**Excerpted data:**
■ ■ ■ ■
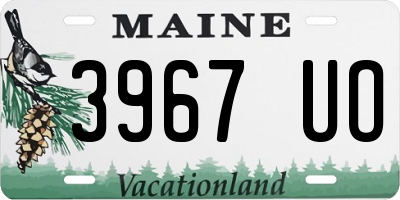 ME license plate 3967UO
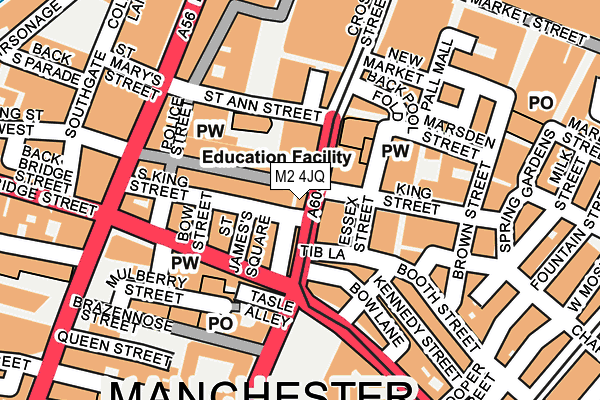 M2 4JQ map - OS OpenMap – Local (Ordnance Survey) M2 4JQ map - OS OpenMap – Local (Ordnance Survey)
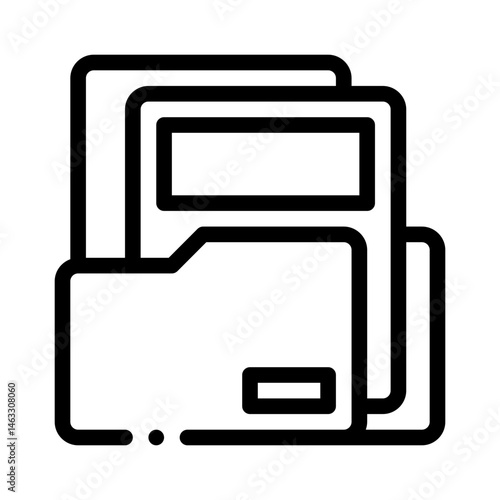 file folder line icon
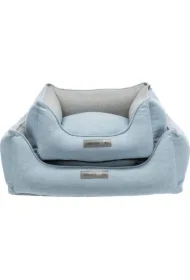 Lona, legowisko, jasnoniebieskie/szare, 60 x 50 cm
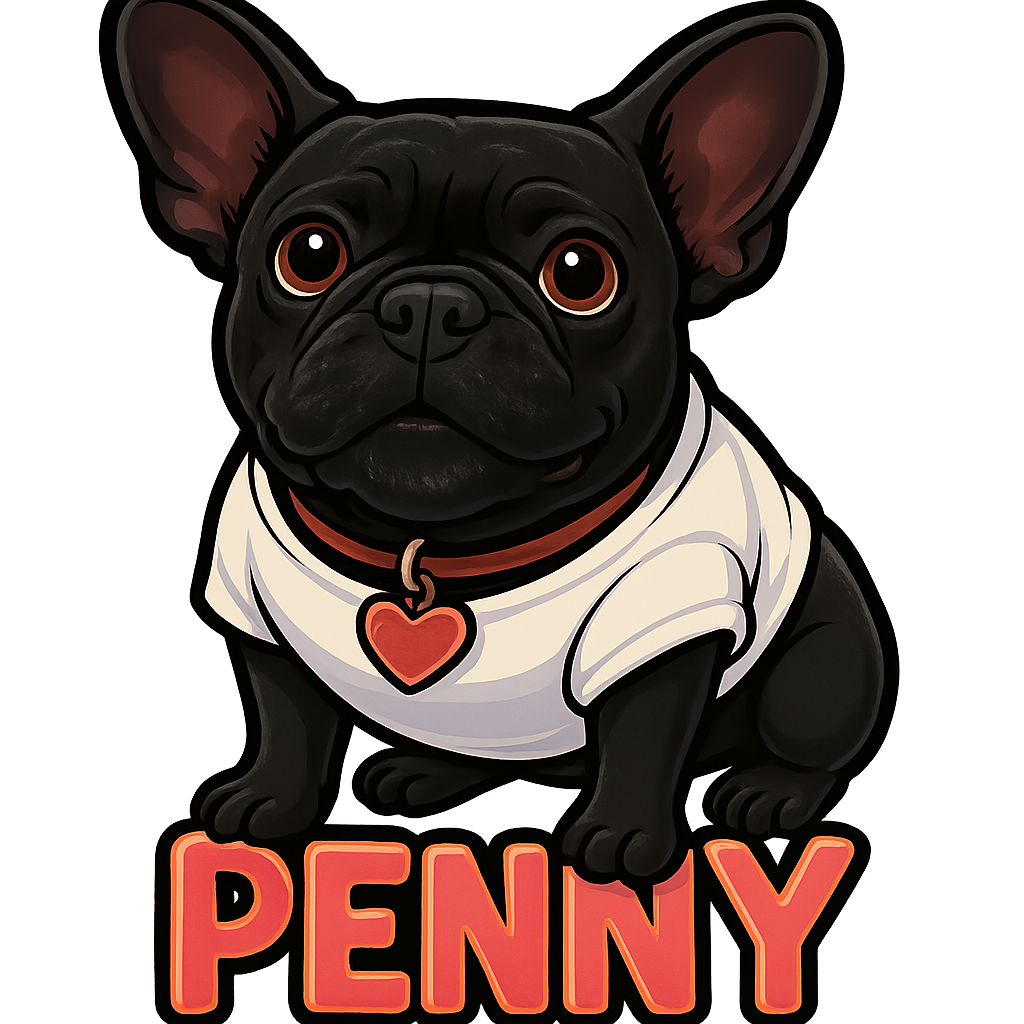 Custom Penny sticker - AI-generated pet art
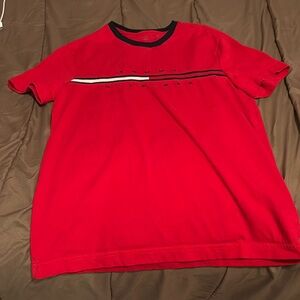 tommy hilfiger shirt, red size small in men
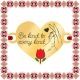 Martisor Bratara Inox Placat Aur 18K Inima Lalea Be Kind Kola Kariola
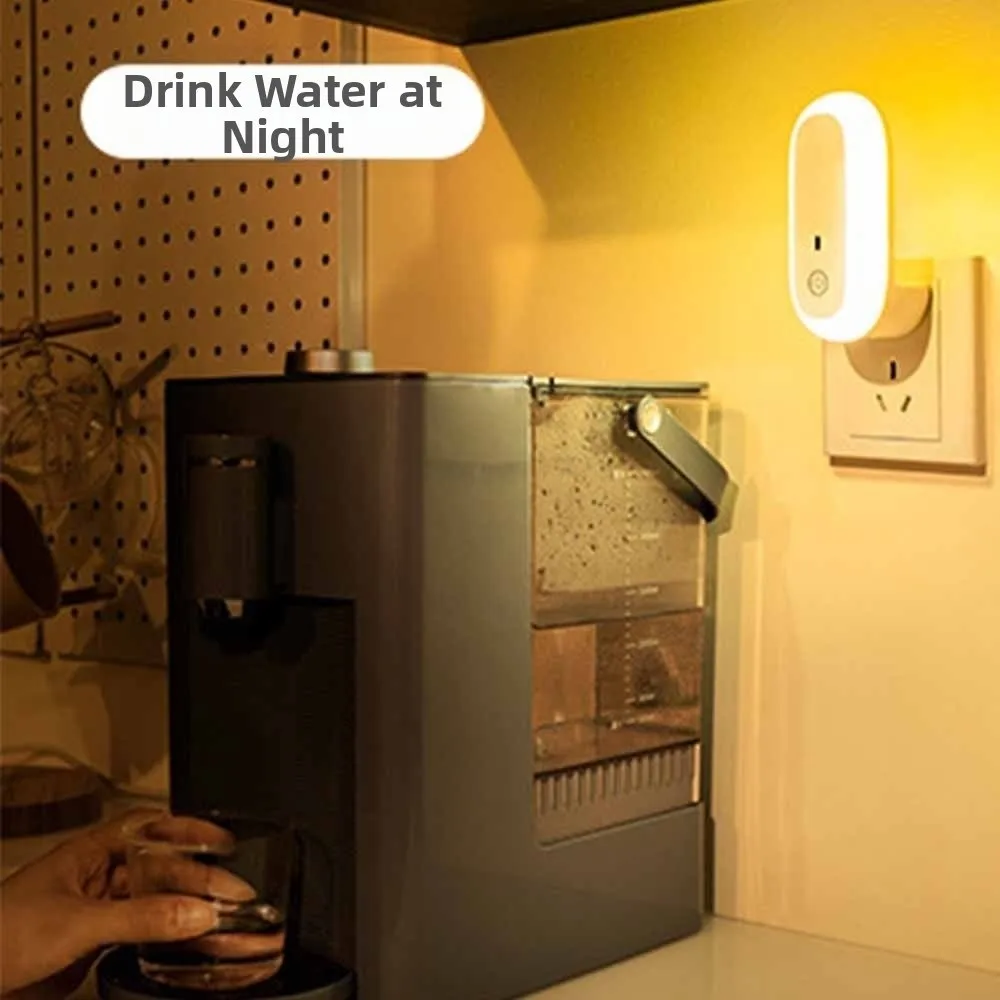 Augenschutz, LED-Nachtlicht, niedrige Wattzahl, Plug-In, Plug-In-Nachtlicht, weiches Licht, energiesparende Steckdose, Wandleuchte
■ ■ ■ ■
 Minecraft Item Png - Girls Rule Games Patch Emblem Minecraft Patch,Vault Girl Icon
■ ■ ■ ■
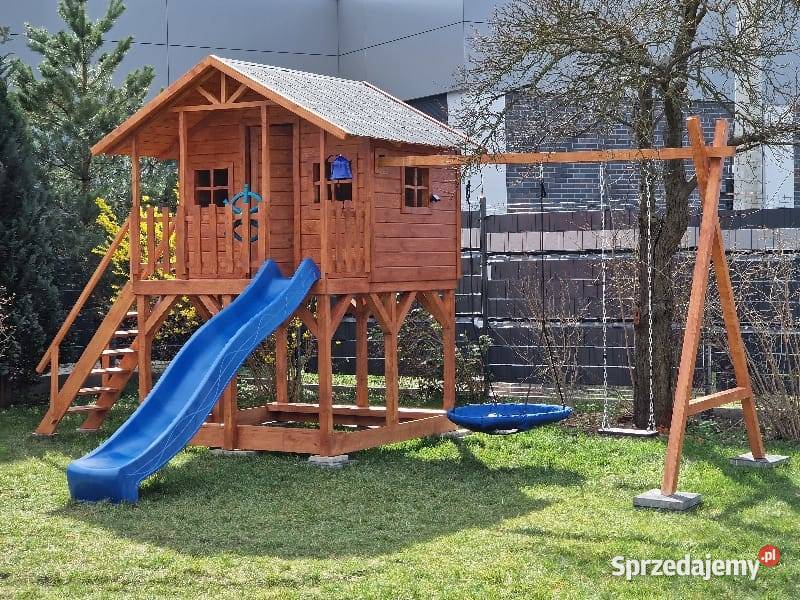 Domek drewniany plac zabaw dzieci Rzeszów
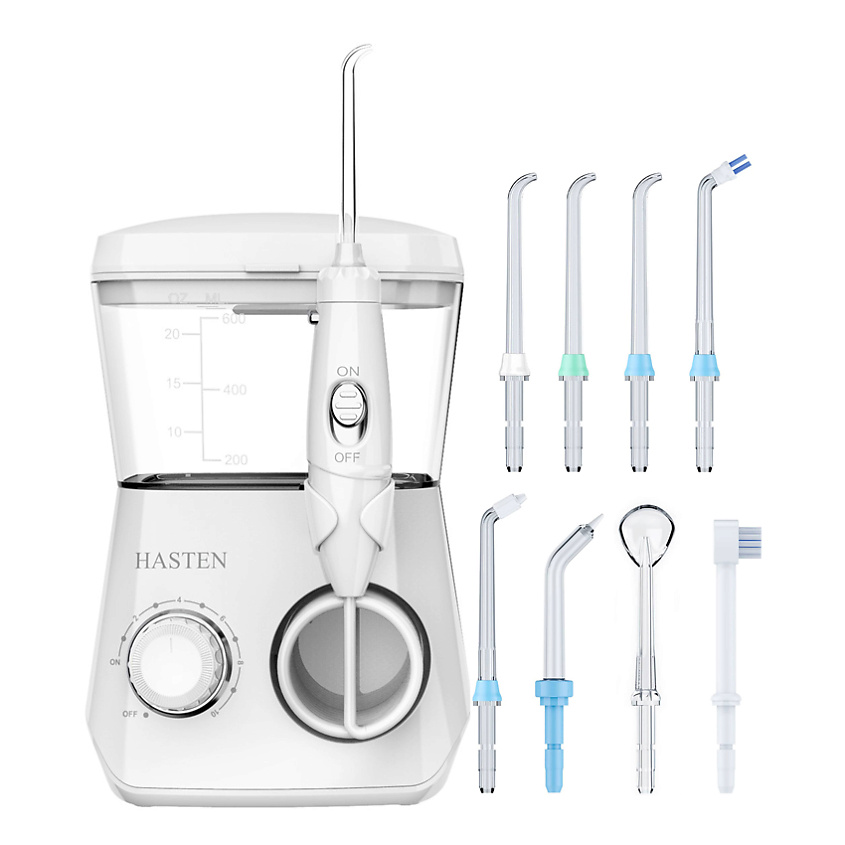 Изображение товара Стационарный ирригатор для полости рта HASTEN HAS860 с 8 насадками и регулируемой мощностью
■ ■ ■ ■
**Exercise:**
For this exercise, transcribe exactly the part of the records above that opens with the line containing "ME license plate 3967UO" and closes with the one containing "tommy hilfiger shirt, red size small in men". Pictures are not part of the copy.

**Exercise result:**
 ME license plate 3967UO
 M2 4JQ map - OS OpenMap – Local (Ordnance Survey) M2 4JQ map - OS OpenMap – Local (Ordnance Survey)
 file folder line icon
 Lona, legowisko, jasnoniebieskie/szare, 60 x 50 cm
 Custom Penny sticker - AI-generated pet art
 tommy hilfiger shirt, red size small in men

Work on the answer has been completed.